Load a database¶
To load a database you only need its name.
However,
we recommend to specify its version as well.
This is not needed,
as audb.load()
searches automatically
for the latest available version,
but it will ensure your code returns the same data,
even if a new version of the database is published.
>>> db = audb.load("emodb", version="1.4.1", full_path=False, verbose=False)
audb.load()
will download the data,
store them in a cache folder,
and return the database as an audformat.Database
object.
The most important content of that object
are the database tables.
>>> db.tables
emotion:
type: filewise
columns:
emotion: {scheme_id: emotion, rater_id: gold}
emotion.confidence: {scheme_id: confidence, rater_id: gold}
emotion.categories.test.gold_standard:
type: filewise
split_id: test
columns:
emotion: {scheme_id: emotion, rater_id: gold}
emotion.confidence: {scheme_id: confidence, rater_id: gold}
emotion.categories.train.gold_standard:
type: filewise
split_id: train
columns:
emotion: {scheme_id: emotion, rater_id: gold}
emotion.confidence: {scheme_id: confidence, rater_id: gold}
files:
type: filewise
columns:
duration: {scheme_id: duration}
speaker: {scheme_id: speaker}
transcription: {scheme_id: transcription}
They contain the annotations of the database,
and can be requested as a pandas.DataFrame
.
>>> db["emotion"].get()
emotion emotion.confidence
file
wav/03a01Fa.wav happiness 0.90
wav/03a01Nc.wav neutral 1.00
wav/03a01Wa.wav anger 0.95
wav/03a02Fc.wav happiness 0.85
wav/03a02Nc.wav neutral 1.00
... ... ...
wav/16b10Lb.wav boredom 1.00
wav/16b10Tb.wav sadness 0.90
wav/16b10Td.wav sadness 0.95
wav/16b10Wa.wav anger 1.00
wav/16b10Wb.wav anger 1.00
[535 rows x 2 columns]
Or you can directly request single columns as pandas.Series
.
>>> db["files"]["duration"].get()
file
wav/03a01Fa.wav 0 days 00:00:01.898250
wav/03a01Nc.wav 0 days 00:00:01.611250
wav/03a01Wa.wav 0 days 00:00:01.877812500
wav/03a02Fc.wav 0 days 00:00:02.006250
wav/03a02Nc.wav 0 days 00:00:01.439812500
...
wav/16b10Lb.wav 0 days 00:00:03.442687500
wav/16b10Tb.wav 0 days 00:00:03.500625
wav/16b10Td.wav 0 days 00:00:03.934187500
wav/16b10Wa.wav 0 days 00:00:02.414125
wav/16b10Wb.wav 0 days 00:00:02.522499999
Name: duration, Length: 535, dtype: timedelta64[ns]

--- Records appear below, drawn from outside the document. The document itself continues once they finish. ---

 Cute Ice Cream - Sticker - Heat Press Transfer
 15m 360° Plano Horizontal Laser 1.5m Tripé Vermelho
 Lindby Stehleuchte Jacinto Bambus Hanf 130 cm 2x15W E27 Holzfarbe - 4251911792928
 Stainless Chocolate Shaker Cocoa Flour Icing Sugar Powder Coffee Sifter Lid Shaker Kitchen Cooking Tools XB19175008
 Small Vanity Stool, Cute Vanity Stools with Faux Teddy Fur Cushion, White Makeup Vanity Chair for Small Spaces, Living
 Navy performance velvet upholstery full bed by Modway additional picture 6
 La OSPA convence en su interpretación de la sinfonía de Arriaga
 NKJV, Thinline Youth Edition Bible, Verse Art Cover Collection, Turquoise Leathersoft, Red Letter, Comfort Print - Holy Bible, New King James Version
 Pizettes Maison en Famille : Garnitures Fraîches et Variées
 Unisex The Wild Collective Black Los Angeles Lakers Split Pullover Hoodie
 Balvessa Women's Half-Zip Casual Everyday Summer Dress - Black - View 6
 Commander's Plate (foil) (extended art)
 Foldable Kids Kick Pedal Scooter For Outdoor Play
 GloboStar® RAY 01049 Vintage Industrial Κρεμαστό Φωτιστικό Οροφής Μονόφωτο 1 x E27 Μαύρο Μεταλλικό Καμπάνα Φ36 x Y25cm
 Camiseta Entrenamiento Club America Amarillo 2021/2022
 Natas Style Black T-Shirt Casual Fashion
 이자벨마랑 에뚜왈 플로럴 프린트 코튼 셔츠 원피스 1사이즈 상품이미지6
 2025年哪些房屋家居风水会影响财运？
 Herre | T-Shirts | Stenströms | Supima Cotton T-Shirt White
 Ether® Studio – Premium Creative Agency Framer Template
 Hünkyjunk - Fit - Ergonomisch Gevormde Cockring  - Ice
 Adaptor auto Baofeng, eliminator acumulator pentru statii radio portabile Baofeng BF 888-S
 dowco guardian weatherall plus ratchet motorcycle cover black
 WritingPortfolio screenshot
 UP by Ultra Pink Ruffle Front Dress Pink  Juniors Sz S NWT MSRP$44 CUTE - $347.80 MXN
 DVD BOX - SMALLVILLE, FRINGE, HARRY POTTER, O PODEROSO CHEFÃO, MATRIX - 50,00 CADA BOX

As you can see the index of the returned object holds the path to the corresponding media files.
For a full overview how to handle the database object we refer the reader to the corresponding audformat documentation. We also recommend to make you familiar how to combine tables and how to map labels.
Here, we continue with discussing Media conversion and flavors, how to load Metadata and header only, and Loading on demand.
Media conversion and flavors¶
When loading a database,
audio files can be automatically converted.
This creates a new flavor of the database,
represented by audb.Flavor
.
The following properties can be changed.
bit_depth:
- 8
- 16
- 24
- 32 (WAV only)
format:
- 'wav'
- 'flac'
channels:
- 0 # select first channel
- [0, -1] # select first and last channel
- ...
mixdown:
- False
- True
sampling_rate:
- 8000
- 16000
- 22050
- 24000
- 44100
- 48000
The next example will convert the original files to FLAC with a sampling rate of 44100 Hz. For each flavor a sub-folder will be created inside the cache.
db = audb.load(
"emodb",
version="1.4.1",
format="flac",
sampling_rate=44100,
verbose=False,
)
The flavor information of a database is stored
inside the db.meta["audb"]
dictionary.
>>> db.meta["audb"]["flavor"]
{'bit_depth': None,
'channels': None,
'format': 'flac',
'mixdown': False,
'sampling_rate': 44100}
You can list all available flavors and their locations in the cache with:
>>> df = audb.cached()
>>> df.reset_index()[["name", "version", "complete", "format", "sampling_rate"]]
name version complete format sampling_rate
0 emodb 1.4.1 False flac 44100
1 emodb 1.4.1 False None None
The entry "complete"
tells you if a database flavor is completely cached,
or if some table or media files are still missing.
Metadata and header only¶
It is possible to request only metadata (header and annotations) of a database. In that case media files are not loaded, but all the tables and the header.
>>> db = audb.load("emodb", version="1.4.1", only_metadata=True, verbose=False)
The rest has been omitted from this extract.